Basically, motors are randomly selected off the production or assembly line and tested on a “dyno” within a completely controlled environment. The voltage is clean and perfectly balanced; the load is dynamically controlled; and the test areas are separated from any possible vibration or sound interference.
A series of motors is measured and a mean average is determined. By definition, manufacturers are allowed a 20% window of the losses, which gets added to the mean average, and all motors within that set are designated with that efficiency rating.
Consider a hypothetical situation where 100 motors are being tested to determine nominal efficiency. Let’s say that some will test as high as 95% and the lowest as low as 93%, with a mean of 94.5%. The average losses are 5.5%, so the accepted 20% window would be 1.1%. This value gets added to the average of 94.5%, which brings the nominal efficiency for this set of motors to 95.6%, and that number gets “stamped” into each motor. This hypothetical case may be somewhat extreme, but it’s not an impossibility.
Why is efficiency important?
Why is motor efficiency so important to understand? Worldwide, motors consume between 55% and 63% of all electrical energy being produced. Recent U.S. Department of Energy reports show that energy costs could be cut by at least 18% by utilizing energy-efficient motors. Premium-efficiency motors have saved billions of dollars in energy costs each year, and manufacturers are continually looking for ways to make motors more efficient.
How does efficiency affect the cost of plant operation? Consider a 100-hp motor/load that is operating 24 hours per day and 365 days per year, where energy costs is $0.07 per kilowatt hour (kWh). A motor operating at 85% efficiency will use 795,118 kilowatts in that year at a cost of $55,588. Improving to 90% efficiency will lower the cost by $4,488 and reduce energy demand by 65,118 kWh. A motor operating at 95% efficiency will use just 691,579 kWh and cost $48,411 – a tremendous savings, and that is for just one motor.
Studies further confirm that efficient motors are more reliable and have an extended useful life expectancy.
How can efficiency be improved?
Motors are affected by numerous environmental, mechanical, and electrical issues, many of which can be rectified or improved. Low- or high-voltage issues are generally correctible through transformer taps, and harmonic issues can be mitigated with various reactors, shielded cables, and isolation transformers. Misalignment, imbalance, and other mechanical issues are generally easy fixes. Often, minor adjustments can add years to a motor’s life and result in big savings thanks to improved efficiency.

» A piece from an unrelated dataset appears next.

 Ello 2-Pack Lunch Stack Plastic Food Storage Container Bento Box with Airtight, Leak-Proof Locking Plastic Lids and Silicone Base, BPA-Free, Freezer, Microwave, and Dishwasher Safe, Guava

Additionally, the costs of replacing poorly performing motors with premium-efficiency motors will be quickly offset by the savings in energy costs.
Energy costs are a major portion of any facility’s operating expenditures, and in a plant, motors account for the majority of those expenses. Monitoring motors’ performance and making necessary adjustments will improve reliability, extend the life of the motor, and reduce the facility’s overall operating cost.